Stoner Chad L, Cleton Adriaan, Johnson Kjell, Oh Doo-Man, Hallak Hussein, Brodfuehrer Joanne, Surendran Narayanan, Han Hyo-Kyung
Department of Pharmacokinetics, Dynamics and Metabolism, Pfizer Global Research and Development, 2800 Plymouth Road, Ann Arbor, MI 48105, USA.
Int J Pharm. 2004 Jan 9;269(1):241-9. doi: 10.1016/j.ijpharm.2003.09.006.
The objective of the analysis described herein is to examine the in vitro/in vivo relationship of estimated bioavailability values and also the applicability of the estimated in vitro bioavailability to lead candidate selection in drug discovery. To this end, in vitro ADME data from screening assays as well as in vivo rat pharmacokinetic (PK) data were compiled for 140 compounds across therapeutic areas from the Pfizer library in Ann Arbor. The compounds span a broad range of structural types, including neutral, basic, and acidic compounds.
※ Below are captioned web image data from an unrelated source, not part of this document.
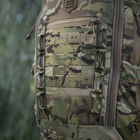 M-Tac рюкзак Small Gen.III Elite Multicam - изображение 14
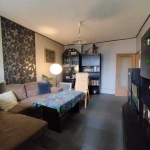 Тристаен апартамент в София, Красна поляна 3 - 65 кв.м за 1193 €/кв.м - Снимка #1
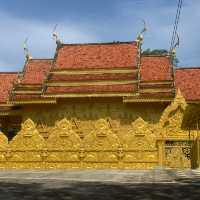 วัดป่ายาง ชุมพร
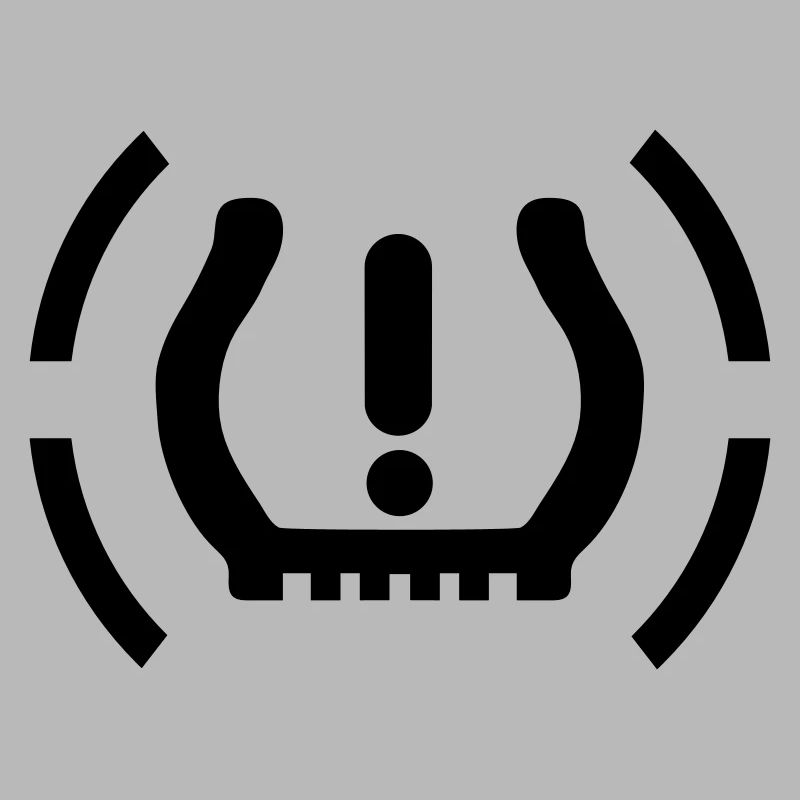 tire_pressure_indicator_tpms35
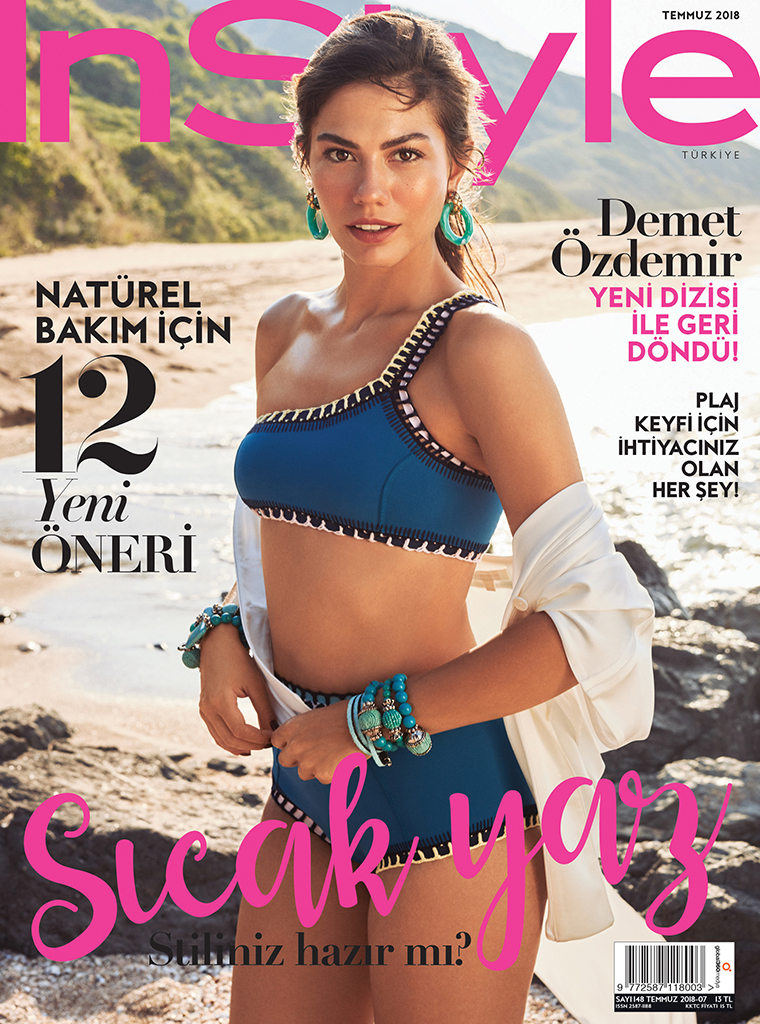 instyle-semih-kanmaz/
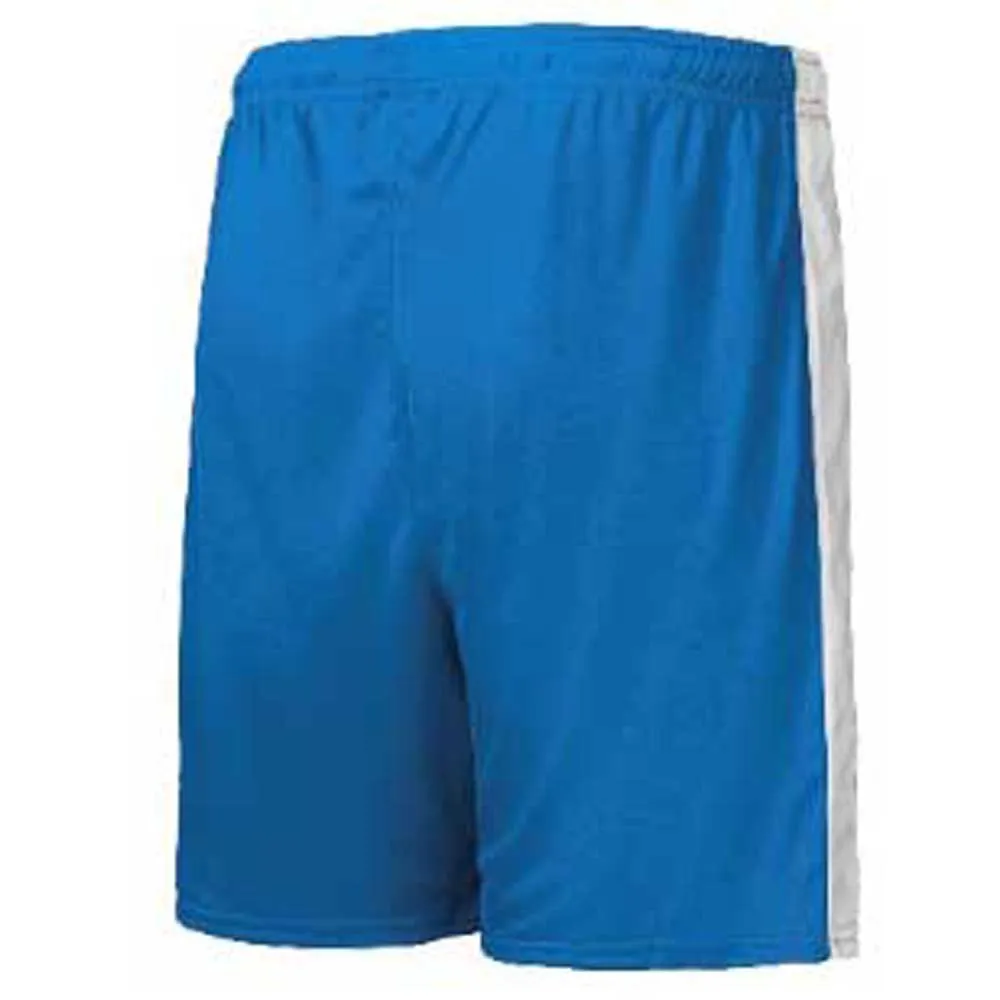 Umbro Mulenda kurze hose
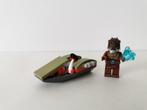 Lego Chima 30252, Ophalen of Verzenden, Gebruikt, Complete set, Lego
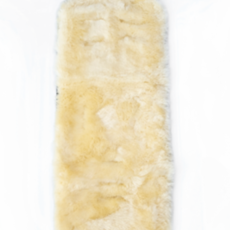 Naturally Sheepskins Naturally Sheepskin Pram/Seat Liner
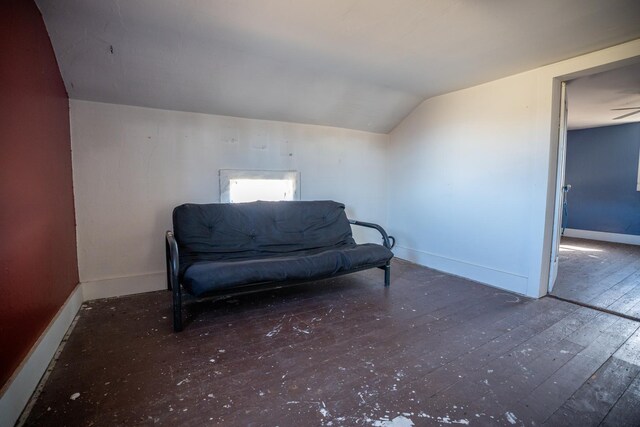 10385 N Rock City Rd, German Valley, IL 61039 - photo 26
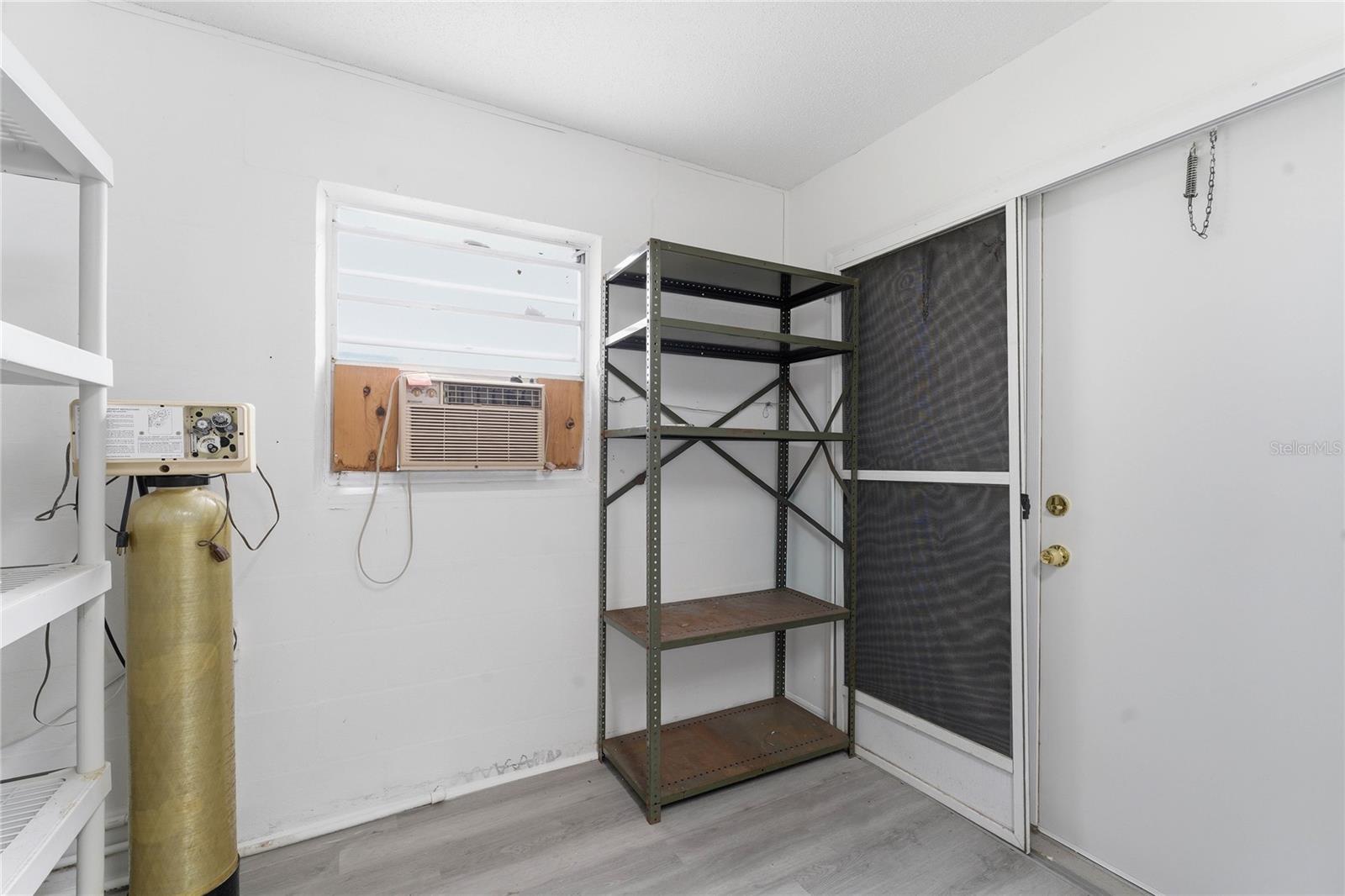 GLOUCESTER D CONDO - Residential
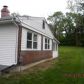 5649 DAYTONA RD, Roanoke, VA 24019 ID:15935477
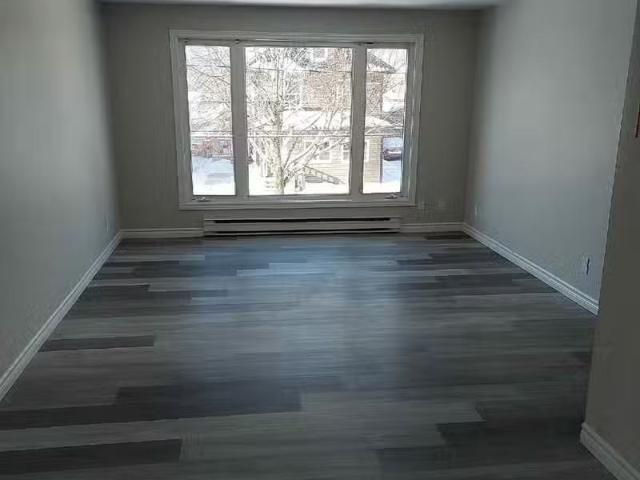 Condo for rent in Westmorland, New Brunswick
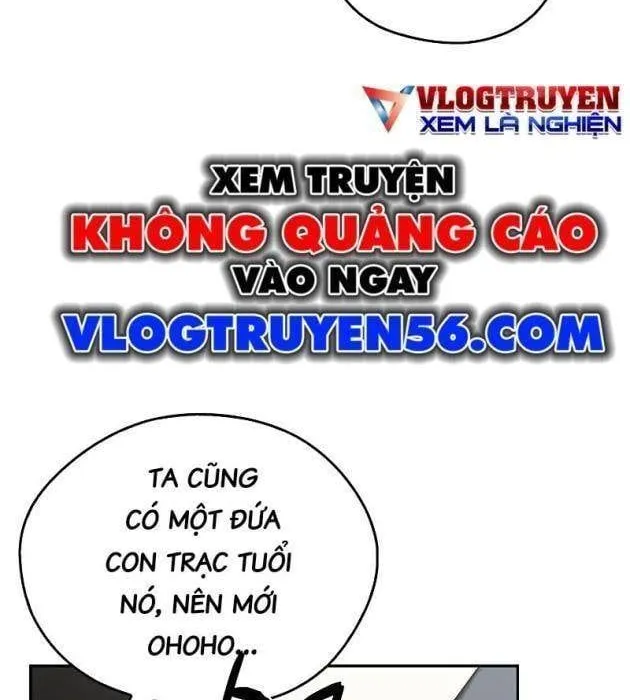 Chương 48 - Trang 6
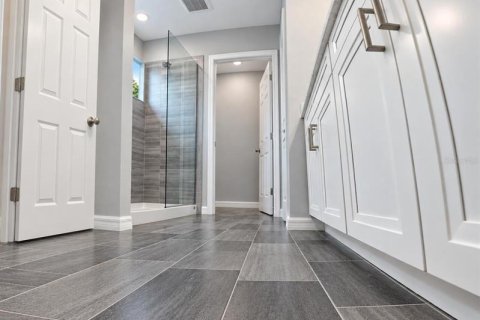 Villa ou maison à vendre à Port Charlotte, Floride: 3 chambres, 223.89 m2 № 2413410 - photo 10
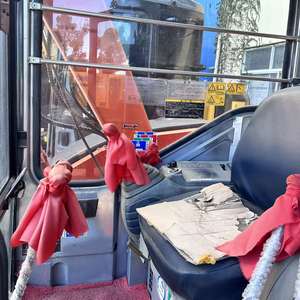 รถขุด EX75ฮิตาชิใช้แล้วผลิตจากญี่ปุ่นเครื่องยนต์อีซูซุรุ่น2023 90% สภาพใหม่ - Product Image 5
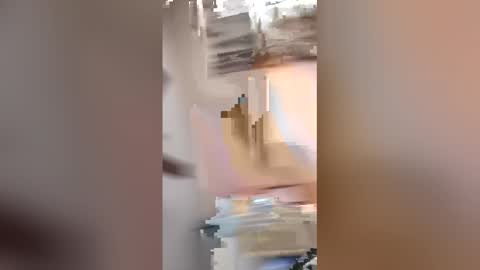 Billy online show from 31, 3, 2026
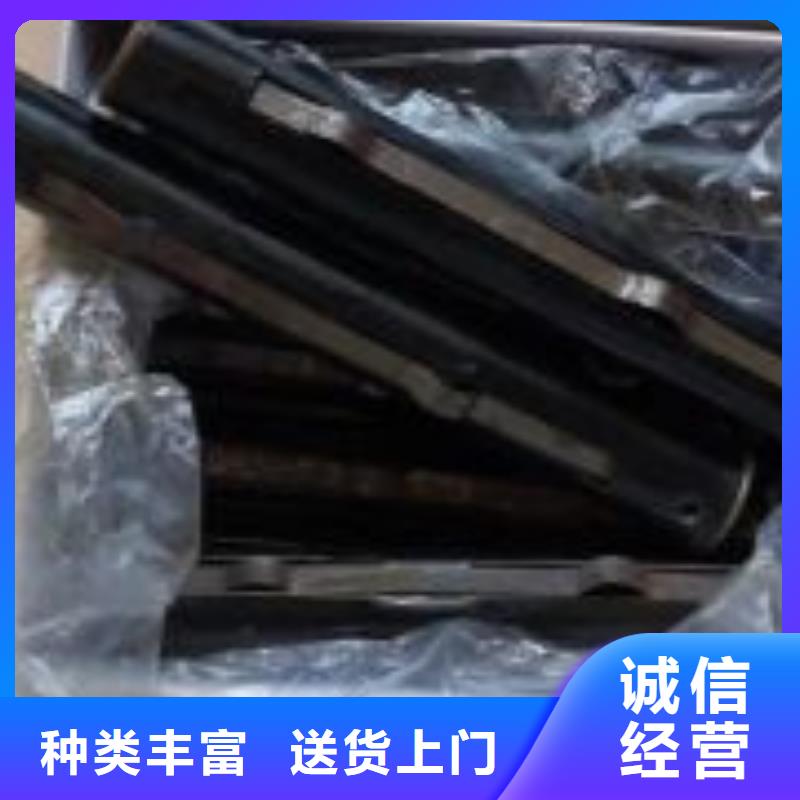 沖壓件和彈簧加長耐磨成型好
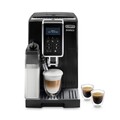 DeLonghi ECAM 356.57 B Dinamica 1.8 L 15 bar Kaffeevollautomat - Schwarz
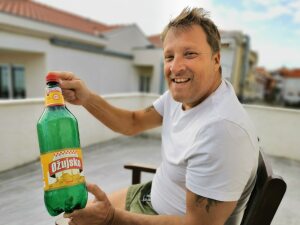 Profilbild på Valle Hjelte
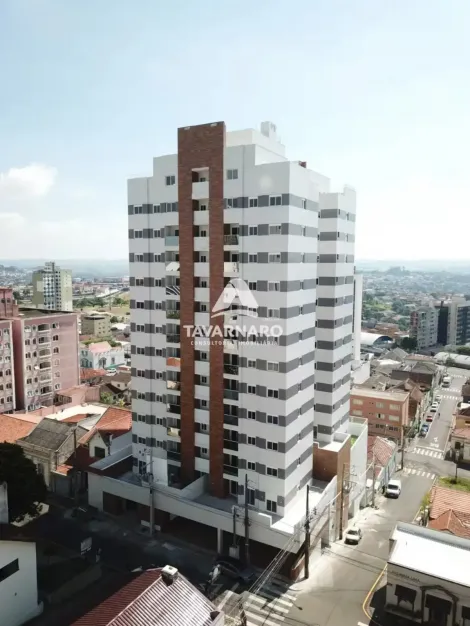 imagem 1 - Apartamento Pablo Vilaró imagem 1 - Apartamento Pablo Vilaró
Solubility and Caco-2 permeability data from in vitro ADME screening were used to calculate the fraction dose absorbed (FDp) using the physiologically based IDEA model. In vitro metabolic stability (t(1/2)) from human and rat liver microsomal incubations was converted to an in vitro intrinsic clearance value (CL(int)'), which was then scaled up to reflect in vivo clearance (CL) and hepatic extraction as described by Obach et al. [J. Pharmcol. Exp. Ther. 283 (1997) 46]. Subsequently, the in vitro/in vivo relationship between the measured bioavailability (F(obs)) in rats and the estimated bioavailability (F(est)) from FDp and predicted CL values was examined. The observed data suggest that compounds with low estimated in vitro bioavailability (F(est)<15%) are more likely to have low in vivo bioavailability (F(obs)<30%). Therefore, the present study indicates that in vitro estimation of bioavailability is an efficient tool to eliminate compounds having low bioavailability prior to in vivo characterization and therefore can be used to reduce attrition due to poor ADME properties in drug development.
本文所述分析的目的是研究估计的生物利用度值的体外/体内关系,以及估计的体外生物利用度在药物发现中用于指导候选药物选择的适用性。为此,收集了来自安阿伯市辉瑞文库中140种跨治疗领域化合物的体外ADME筛选数据以及大鼠体内药代动力学(PK)数据。这些化合物涵盖了广泛的结构类型,包括中性、碱性和酸性化合物。利用体外ADME筛选得到的溶解度和Caco-2通透性数据,采用基于生理学的IDEA模型计算吸收剂量分数(FDp)。将人和大鼠肝微粒体孵育的体外代谢稳定性(t(1/2))转换为体外固有清除率值(CL(int)'),然后按照Obach等人[《药理学与实验治疗学杂志》283 (1997) 46]所述进行放大,以反映体内清除率(CL)和肝脏提取率。随后,研究了大鼠体内实测生物利用度(F(obs))与根据FDp和预测CL值估计的生物利用度(F(est))之间的体外/体内关系。观察到的数据表明,估计的体外生物利用度较低(F(est)<15%)的化合物更有可能具有较低的体内生物利用度(F(obs)<30%)。因此,本研究表明,生物利用度的体外估计是一种有效的工具,可在体内表征之前排除生物利用度低的化合物,从而可用于减少药物开发中因ADME性质差导致的损耗。